The GIV elaborates on the latest views, convictions and outlook of our Global CIOs, Investment Platforms and the Amundi Investment Institute.
Central banks easing into a thus-far resilient economy
The year gone by has been exceptional in some respects. Global equities touched new highs, and emerging market stocks reached close to their 2021 levels. All this happened despite the US administration’s somewhat unconventional policies, particularly on the trade front, leading to a phenomenal performance of safe-haven gold.
Neutral duration with regional divergences
While the global economy has been reasonably resilient, there are some minor nuances across the main regions. For instance, in the EZ, wage inflation is low, and overall disinflation looks on track. Our expectations of ECB rate cuts in 2026 remain, despite recent hawkish comments from some board members. In Japan, a key question for us is at what yield-level Japanese debt becomes sufficiently attractive, and how much further fiscal easing is likely from the government.
Diversify with small and mid cap in Europe
The global economy has played out reasonably well, and that’s being reflected in market performance amid ample liquidity. What’s not reflected in the markets is policy uncertainty, signs of consumption slowing down, and risks of high valuations. In this environment, our focus remains on fundamentals and staying tilted towards businesses where risk-reward is well balanced. Increasingly, we find such businesses in regions outside the US.

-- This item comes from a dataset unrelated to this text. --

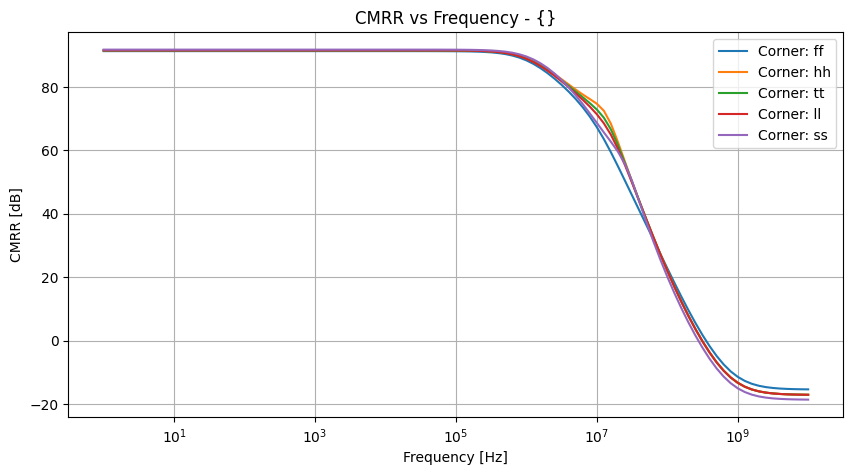 xyplot_frequencycmrrgroup_('ff',-2),('hh',-2),('tt',-2),('ll',-2),('ss',_-2)__071c8bf9ae95dbcb9ba7cf960ae389c3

Risk-on: recalibrate, but not retreat
We are seeing mixed macro signals in the US. Job markets are deteriorating, but the pace (of deterioration) is stabilising, the Fed is easing and is conscious of maintaining liquidity, and fiscal policy is supportive. In Europe, consumption is subdued, but inflation is declining. These factors, combined with strong liquidity and benign credit conditions in the markets, somewhat offset (but not completely eliminate) the risks posed by high valuations. Hence, we made some adjustments to our views on risk assets, without changing our medium- term stance. In addition, we maintain that safeguards in the form of gold and hedges on DM equities are essential amid high valuations.